Housing, Homelessness & Migration
The World Bank predicts 216 million people will be forced to migrate within their own countries by 2050 because of rising sea levels, water scarcity and declining food crops caused by global warming.
Human life exists in a climate niche temperature range (11 to 15 degrees Celsius), with the bulk of humanity centered around the equator. As temperatures rise, this livable niche is migrating northward at a pace of 1.15 metres a day, and much faster in some places. One to three billion people will soon be outside the optimal climate conditions that have allowed our survival for the past 6,000 years.
Climate migration within Canada includes people who are displaced by wildfires or floods, plus those who move away from disaster prone regions. Hundreds of thousands of Canadians were displaced by wildfire in summer 2023, tens of thousands of them Indigenous.
In Atlantic Canada sea level rise and coastal erosion is a threat. One Mi’kmaq community is already looking to relocate. Fishing communities are affected by rising and heating oceans, and kelp beds off the Nova Scotia coast are nearly gone, decimating the fish habitats.
Roads and houses along the Gaspe Peninsula in Quebec are being lost due to coastal erosion and extreme weather.
Drought in the prairie provinces is challenging the farmers in our Canadian Heartland. This region is seeing a longer growing season and warmer temperatures, but threats of water scarcity. Areas in Manitoba, Saskatchewan, Alberta, British Columbia, Yukon, Ontario and the Northwest Territories are at risk of drying out.
Canada’s far north is affected by disrupted seasonal ice roads that bring critical supplies.
Melting permafrost causes collapsing landscapes that disrupts land use, transportation, food production, human and animal habitat.
Certain Canadian cities are more in jeopardy from climate change. Toronto is expected to see an average temperature rise of 3.02°C by 2050. Montreal, Ottawa and Calgary are also considered vulnerable cities.
Everyone is at risk of heat-related illnesses when temperatures are extreme, but most vulnerable are Canada’s homeless and people in low-income housing who lack ways to stay cool. British Columbia experienced a deadly heat wave in June 2021 that killed over 600 people - a high proportion in low income housing, over age 60, with chronic disease or mental health diagnoses.
When roads and bridges go down, electricity, transportation and communication systems are affected. House and property insurance is no longer an option in areas of North America hit hardest by sea level rise, wildfire and flood disasters.
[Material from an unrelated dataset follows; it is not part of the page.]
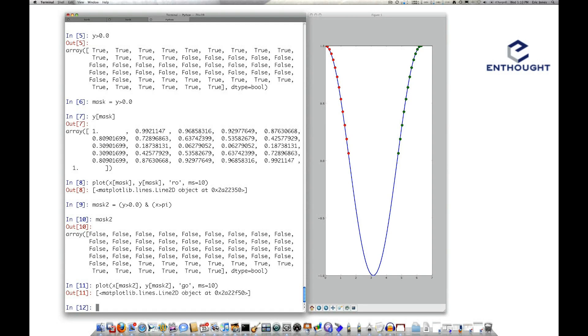So that gives you an idea of how to use fancy indexing to select values out of numpy arrays. Thanks for watching.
All these climate impacts are anticipated to increase based on scientific research and predictions. Efforts to mitigate climate change now are crucial to minimize its effects on Canada and the world.
Building and renovating homes to safeguard against flooding, heat and wildfires is more important than ever. Included in this section are tips and strategies to reduce your home and community risks from increasing natural disasters. The global effort to greening cities is already showing reduced inner city temperatures and improved liveable urban spaces.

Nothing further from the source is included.